(Web page caption snippets)
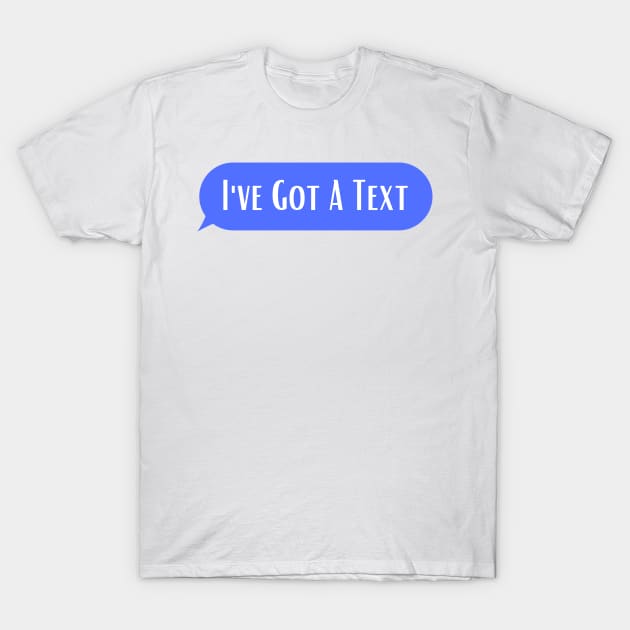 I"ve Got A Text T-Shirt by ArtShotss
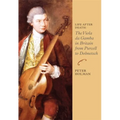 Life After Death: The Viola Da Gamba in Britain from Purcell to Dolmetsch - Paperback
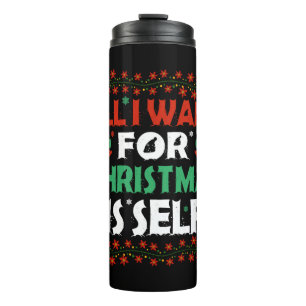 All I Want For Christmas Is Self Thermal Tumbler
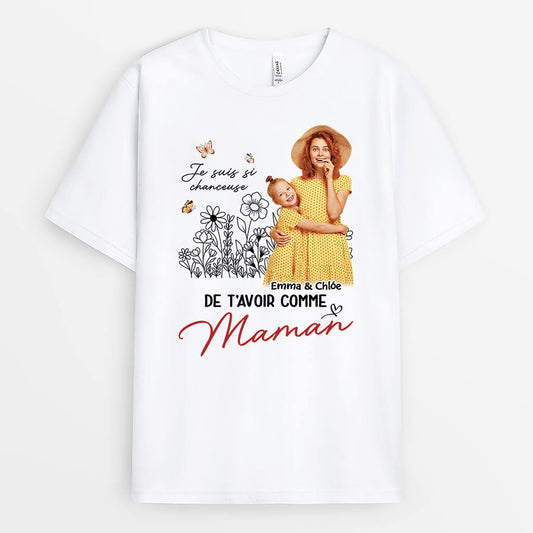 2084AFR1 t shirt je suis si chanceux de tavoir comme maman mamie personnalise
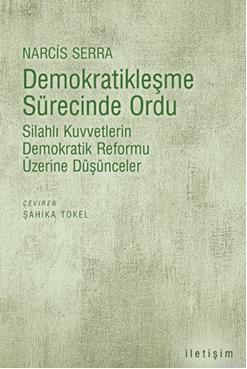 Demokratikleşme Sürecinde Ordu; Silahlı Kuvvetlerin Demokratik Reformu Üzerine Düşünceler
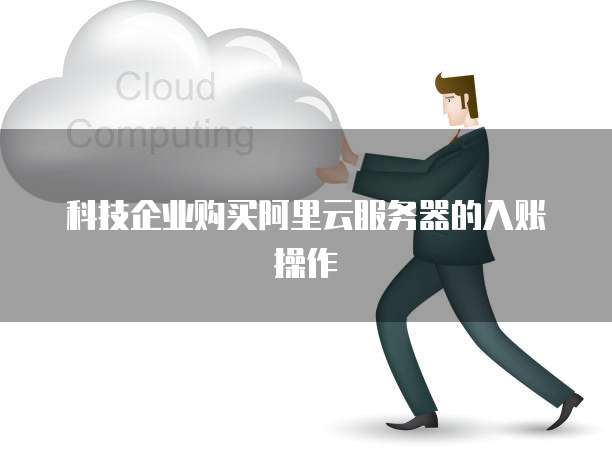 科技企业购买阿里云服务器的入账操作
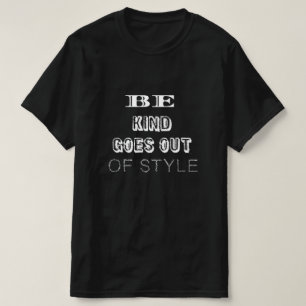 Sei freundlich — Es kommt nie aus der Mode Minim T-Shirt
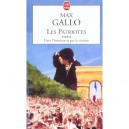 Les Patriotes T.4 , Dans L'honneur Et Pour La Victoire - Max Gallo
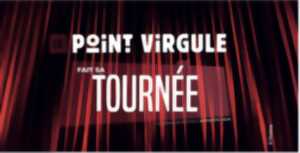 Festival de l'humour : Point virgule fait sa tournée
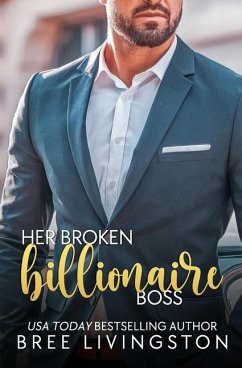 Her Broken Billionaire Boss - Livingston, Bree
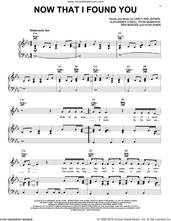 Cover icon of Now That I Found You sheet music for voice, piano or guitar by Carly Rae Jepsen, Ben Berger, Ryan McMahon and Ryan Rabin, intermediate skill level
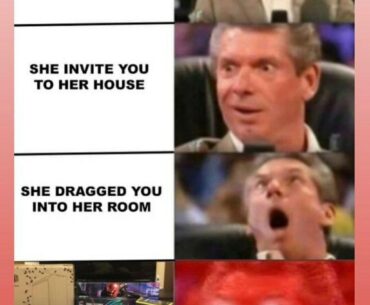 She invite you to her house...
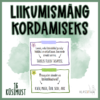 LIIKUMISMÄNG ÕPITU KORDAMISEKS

- [Assignment] For every record above, repeat the text exactly and omit any picture.

- [Result below]
 I"ve Got A Text T-Shirt by ArtShotss
 Life After Death: The Viola Da Gamba in Britain from Purcell to Dolmetsch - Paperback
 All I Want For Christmas Is Self Thermal Tumbler
 2084AFR1 t shirt je suis si chanceux de tavoir comme maman mamie personnalise
 Demokratikleşme Sürecinde Ordu; Silahlı Kuvvetlerin Demokratik Reformu Üzerine Düşünceler
 科技企业购买阿里云服务器的入账操作
 Sei freundlich — Es kommt nie aus der Mode Minim T-Shirt
 Les Patriotes T.4 , Dans L'honneur Et Pour La Victoire - Max Gallo
 Festival de l'humour : Point virgule fait sa tournée
 Her Broken Billionaire Boss - Livingston, Bree
 Cover icon of Now That I Found You sheet music for voice, piano or guitar by Carly Rae Jepsen, Ben Berger, Ryan McMahon and Ryan Rabin, intermediate skill level
 She invite you to her house...
 LIIKUMISMÄNG ÕPITU KORDAMISEKS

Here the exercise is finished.